(Problem details) Return exactly, please, the line that contains "Glacial White Pearl 2025 Kia EV9 GT-Line" and every line after it through the end of the material that follows, leaving pictures aside.

(Listed records)
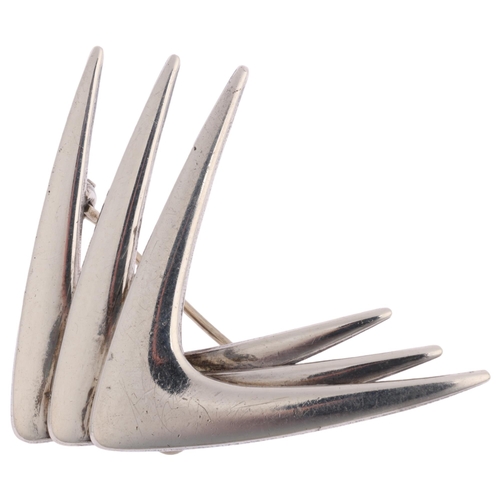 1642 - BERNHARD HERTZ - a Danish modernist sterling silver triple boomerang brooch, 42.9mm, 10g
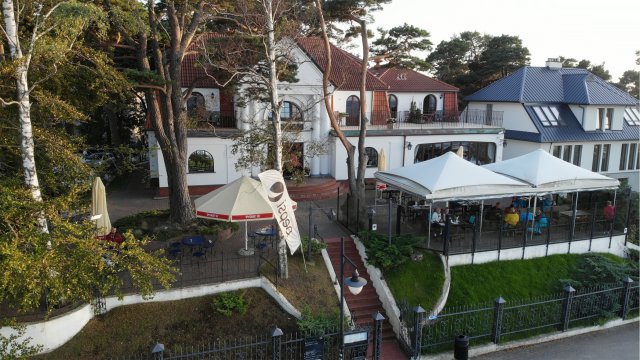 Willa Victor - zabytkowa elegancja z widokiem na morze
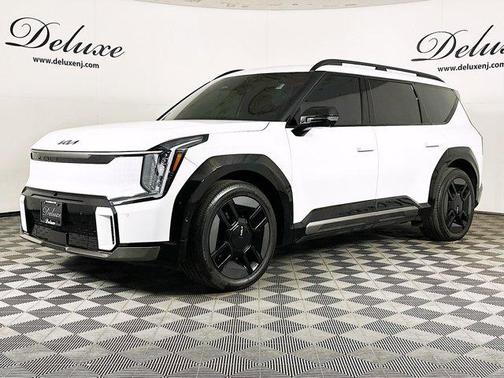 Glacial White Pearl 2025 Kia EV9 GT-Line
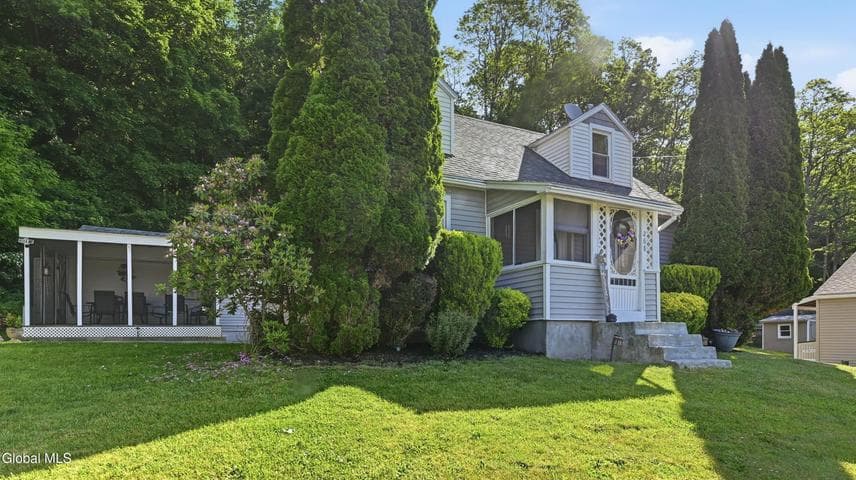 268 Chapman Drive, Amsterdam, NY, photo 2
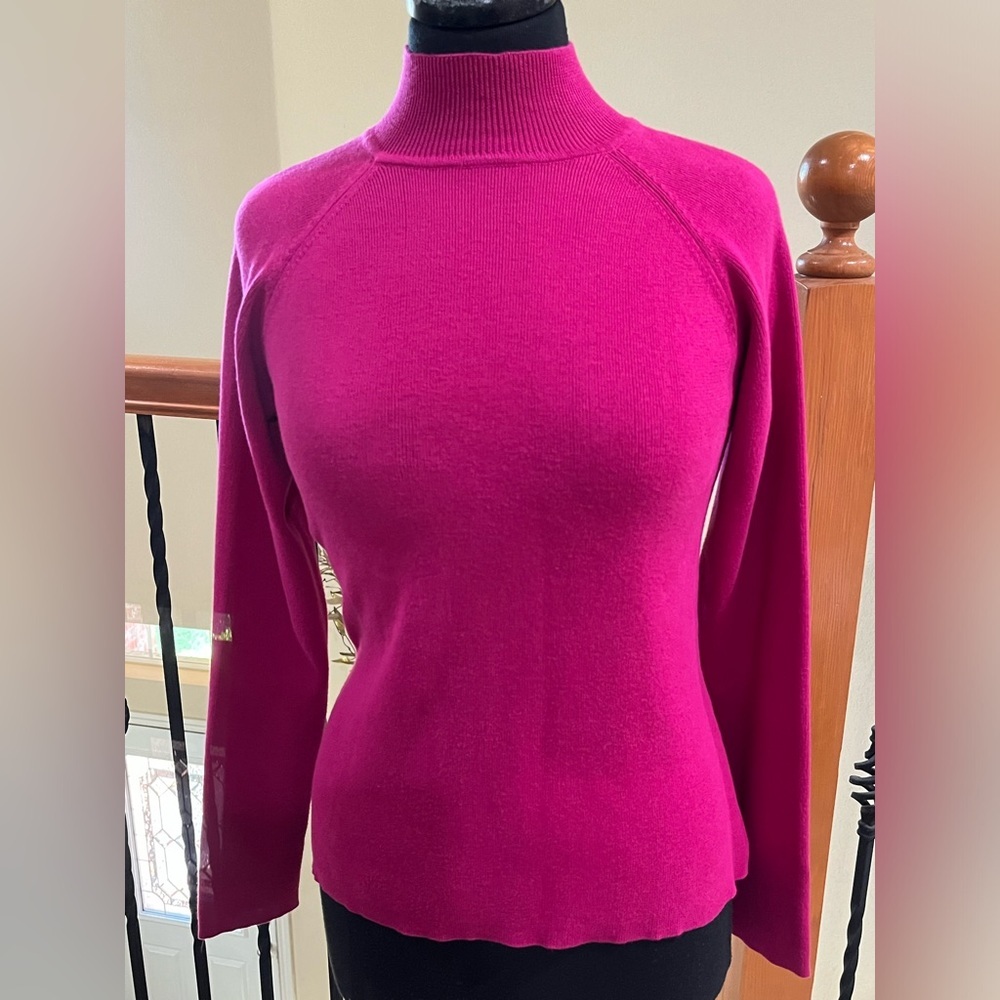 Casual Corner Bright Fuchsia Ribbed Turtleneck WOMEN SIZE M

(Solution to the exercise)
 Glacial White Pearl 2025 Kia EV9 GT-Line
 268 Chapman Drive, Amsterdam, NY, photo 2
 Casual Corner Bright Fuchsia Ribbed Turtleneck WOMEN SIZE M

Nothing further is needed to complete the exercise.